Work order =>
Look for the word "Women" in the data below, and copy every line that holds it.

The data =>
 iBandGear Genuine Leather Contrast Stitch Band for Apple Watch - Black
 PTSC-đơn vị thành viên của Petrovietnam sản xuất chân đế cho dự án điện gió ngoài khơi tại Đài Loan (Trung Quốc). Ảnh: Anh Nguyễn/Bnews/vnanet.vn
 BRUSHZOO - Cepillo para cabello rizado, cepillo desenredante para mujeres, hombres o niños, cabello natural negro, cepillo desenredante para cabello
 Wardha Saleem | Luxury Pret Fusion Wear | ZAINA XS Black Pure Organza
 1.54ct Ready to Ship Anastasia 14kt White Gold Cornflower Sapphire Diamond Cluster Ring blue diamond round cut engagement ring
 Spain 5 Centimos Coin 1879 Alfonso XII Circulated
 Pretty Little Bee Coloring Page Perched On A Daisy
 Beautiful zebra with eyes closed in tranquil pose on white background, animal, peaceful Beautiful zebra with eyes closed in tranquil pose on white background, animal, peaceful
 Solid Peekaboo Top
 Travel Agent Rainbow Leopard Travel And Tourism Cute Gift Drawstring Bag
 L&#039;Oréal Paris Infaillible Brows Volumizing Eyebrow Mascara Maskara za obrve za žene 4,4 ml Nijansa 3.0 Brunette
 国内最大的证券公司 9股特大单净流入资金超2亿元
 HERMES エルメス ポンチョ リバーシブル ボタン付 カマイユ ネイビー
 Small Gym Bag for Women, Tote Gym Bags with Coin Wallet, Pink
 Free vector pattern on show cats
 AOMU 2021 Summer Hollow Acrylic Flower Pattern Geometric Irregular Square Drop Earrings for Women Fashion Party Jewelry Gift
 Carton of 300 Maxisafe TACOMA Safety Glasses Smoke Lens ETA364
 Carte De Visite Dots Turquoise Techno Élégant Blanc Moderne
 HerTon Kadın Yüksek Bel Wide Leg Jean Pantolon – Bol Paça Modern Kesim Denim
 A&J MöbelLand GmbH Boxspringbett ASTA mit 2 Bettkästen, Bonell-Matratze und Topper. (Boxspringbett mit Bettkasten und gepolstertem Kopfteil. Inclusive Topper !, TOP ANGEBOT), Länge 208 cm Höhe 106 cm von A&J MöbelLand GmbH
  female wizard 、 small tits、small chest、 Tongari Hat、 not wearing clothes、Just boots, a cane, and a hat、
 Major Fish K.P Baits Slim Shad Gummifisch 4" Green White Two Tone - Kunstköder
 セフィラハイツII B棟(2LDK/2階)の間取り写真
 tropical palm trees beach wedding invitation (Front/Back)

Solution for this problem =>
 Small Gym Bag for Women, Tote Gym Bags with Coin Wallet, Pink
 AOMU 2021 Summer Hollow Acrylic Flower Pattern Geometric Irregular Square Drop Earrings for Women Fashion Party Jewelry Gift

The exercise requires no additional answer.